Sensitivity to charging and discharging regimes, mechanical shock, and localised temperature gradients can lead to thermal runaway. This means that the impact or movement of a rechargeable battery during the stabilising of a vehicle or releasing a trapped casualty can lead to thermal runaway or deterioration in the condition of an already damaged battery.

The reignition of batteries is possible after prolonged periods, after mechanical shock, heating or battery faults. They may require extended periods of cooling and monitoring after a fire or collision. Damaged batteries can be too sensitive to move, and personnel may have to consider cordoning off a vehicle and handing it over to a responsible person.

Control measures – identification

Identifying the presence and type of AFV should form part of information gathering. It should be assumed that all vehicles involved in an incident are alternatively fuelled until otherwise confirmed, as they may present additional hazards.

Sources that may assist with identifying an AFV include:

  • The driver or passengers
  • Information gathered by control rooms
  • Vehicle markings, such as the use of the term ‘hybrid’
  • Bright orange cabling
  • Information stored on systems such as mobile data terminals
  • Vehicle documents or handbooks

Control measure – immobilise alternative fuel vehicles

  • AFV’s can use silent drive systems such as electric motors and may start or move without warning when the accelerator is depressed or brake released. This should be considered when approaching and immobilising an AFV. It is also necessary chock the wheels, front and rear and to establish:
  • The fuel types
  • The ignition mode
  • How the vehicle is activated, for example, proximity keys, smart keys or keyless entry fobs.

Personnel should consider placing the vehicle in neutral to prevent accidental activation and apply the parking brake, referring to manufacturer’s guidance if necessary.

Control measure – Isolate high-voltage systems.

This control measure should be read in conjunction with Isolate high-voltage systems in alternative fuel vehicles.
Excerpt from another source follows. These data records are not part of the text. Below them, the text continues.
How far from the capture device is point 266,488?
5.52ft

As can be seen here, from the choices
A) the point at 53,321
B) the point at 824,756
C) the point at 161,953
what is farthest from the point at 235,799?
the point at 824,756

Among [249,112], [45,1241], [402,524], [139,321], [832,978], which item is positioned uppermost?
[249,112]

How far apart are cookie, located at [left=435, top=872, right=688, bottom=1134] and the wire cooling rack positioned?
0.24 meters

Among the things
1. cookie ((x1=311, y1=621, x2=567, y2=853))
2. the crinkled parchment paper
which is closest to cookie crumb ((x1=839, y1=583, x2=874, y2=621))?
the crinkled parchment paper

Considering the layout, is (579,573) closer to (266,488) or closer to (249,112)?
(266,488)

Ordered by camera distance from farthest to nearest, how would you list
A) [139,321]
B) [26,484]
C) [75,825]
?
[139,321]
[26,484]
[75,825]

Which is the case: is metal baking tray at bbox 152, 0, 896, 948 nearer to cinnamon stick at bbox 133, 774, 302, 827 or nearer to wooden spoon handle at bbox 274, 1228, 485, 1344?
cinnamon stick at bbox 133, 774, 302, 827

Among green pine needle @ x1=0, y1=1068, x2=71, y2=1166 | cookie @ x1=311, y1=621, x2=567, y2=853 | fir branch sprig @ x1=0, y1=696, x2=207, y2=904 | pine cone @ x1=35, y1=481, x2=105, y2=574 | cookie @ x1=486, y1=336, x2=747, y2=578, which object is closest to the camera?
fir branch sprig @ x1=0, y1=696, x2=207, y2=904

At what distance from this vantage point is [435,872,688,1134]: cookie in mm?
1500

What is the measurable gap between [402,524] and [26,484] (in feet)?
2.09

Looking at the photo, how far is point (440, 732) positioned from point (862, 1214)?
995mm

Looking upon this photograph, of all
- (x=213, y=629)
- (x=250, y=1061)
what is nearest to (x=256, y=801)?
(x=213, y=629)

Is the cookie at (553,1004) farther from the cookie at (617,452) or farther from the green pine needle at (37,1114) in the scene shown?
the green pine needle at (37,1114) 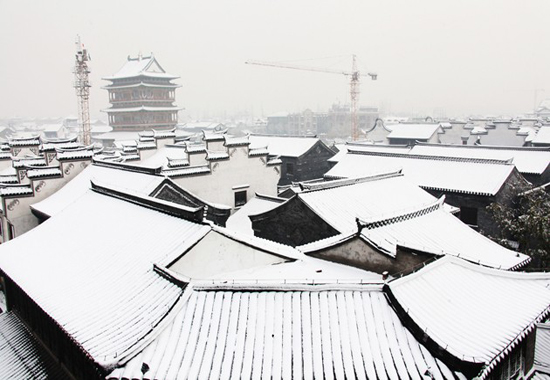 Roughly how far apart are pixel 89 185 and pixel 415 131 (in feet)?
136

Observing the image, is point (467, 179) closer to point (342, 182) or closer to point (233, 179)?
point (342, 182)

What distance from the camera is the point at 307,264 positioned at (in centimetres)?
1466

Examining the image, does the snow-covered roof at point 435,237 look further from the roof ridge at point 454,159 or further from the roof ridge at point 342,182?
the roof ridge at point 454,159

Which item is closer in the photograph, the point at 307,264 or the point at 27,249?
the point at 307,264

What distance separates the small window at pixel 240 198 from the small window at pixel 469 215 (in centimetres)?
1401

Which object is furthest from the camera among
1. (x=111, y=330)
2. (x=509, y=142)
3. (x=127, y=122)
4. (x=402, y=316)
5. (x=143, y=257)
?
(x=127, y=122)

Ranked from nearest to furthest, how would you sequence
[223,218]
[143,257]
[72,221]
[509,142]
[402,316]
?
1. [402,316]
2. [143,257]
3. [72,221]
4. [223,218]
5. [509,142]

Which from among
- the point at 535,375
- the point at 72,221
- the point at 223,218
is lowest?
the point at 535,375

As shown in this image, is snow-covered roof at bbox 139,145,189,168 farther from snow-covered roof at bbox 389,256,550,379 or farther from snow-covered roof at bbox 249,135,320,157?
snow-covered roof at bbox 389,256,550,379

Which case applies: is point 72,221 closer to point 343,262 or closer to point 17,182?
point 343,262

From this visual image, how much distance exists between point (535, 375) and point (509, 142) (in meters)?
49.4

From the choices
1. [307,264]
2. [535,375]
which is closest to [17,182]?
[307,264]

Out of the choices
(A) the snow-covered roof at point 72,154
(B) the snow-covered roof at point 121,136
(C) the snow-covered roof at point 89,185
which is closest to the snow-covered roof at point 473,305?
(C) the snow-covered roof at point 89,185

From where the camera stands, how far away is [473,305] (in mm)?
10188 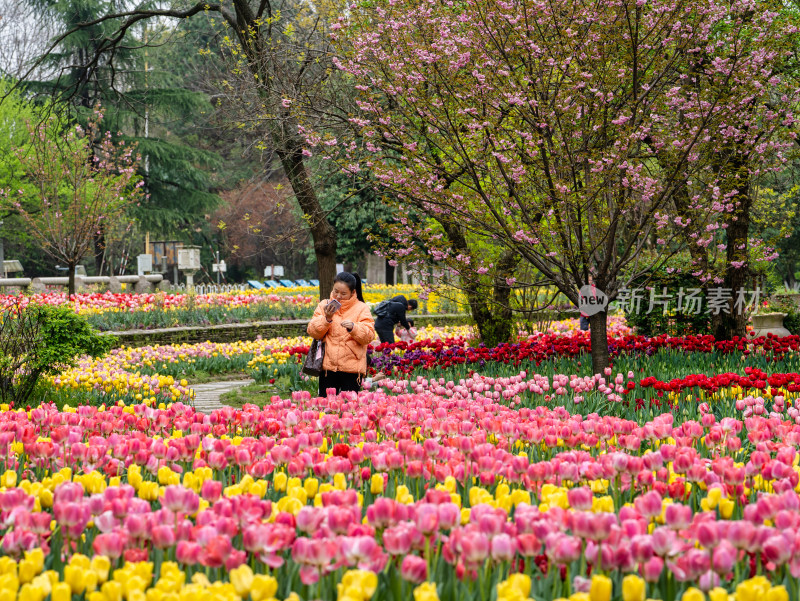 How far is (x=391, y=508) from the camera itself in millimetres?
2078

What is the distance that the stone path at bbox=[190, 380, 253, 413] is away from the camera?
8.40 metres

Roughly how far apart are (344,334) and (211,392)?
3.79 m

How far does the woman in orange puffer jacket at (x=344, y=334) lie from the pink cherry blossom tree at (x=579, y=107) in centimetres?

Personnel should isolate high-voltage systems to reduce the risk of accidental activation or electrocution.

Information sources such as the driver, manufacturer’s guidance, or information stored on mobile data terminals may assist in identifying the appropriate method of isolating an AFV.

Common methods of isolating the high voltage systems include:

  • Disconnecting the 12-volt battery. Note that some vehicles may have more than one
  • Removing the main vehicle fuse
  • Removing the emergency shut-off plug

Some alternative fuel vehicles have sensors in the engine compartment that automatically isolate the high-voltage supply in a collision.

Control measure – Stabilise and access alternative fuel vehicles

Stabilising or accessing AFV’s may compromise, damage or result in contact with fuel lines, high-voltage cables or fuel cells. These components are typically sited in protected areas under the vehicle or within the vehicle panels; however, they may become detached during a collision.

The resting position of an AFV after a collision may be unconventional due to its weight distribution. This should be considered when attempting to stabilise an AFV.

Using conventional techniques may cause damage to fuel cells or other components. Therefore, the techniques used should be tailored, considering the position of the additional hazards present in an AFV.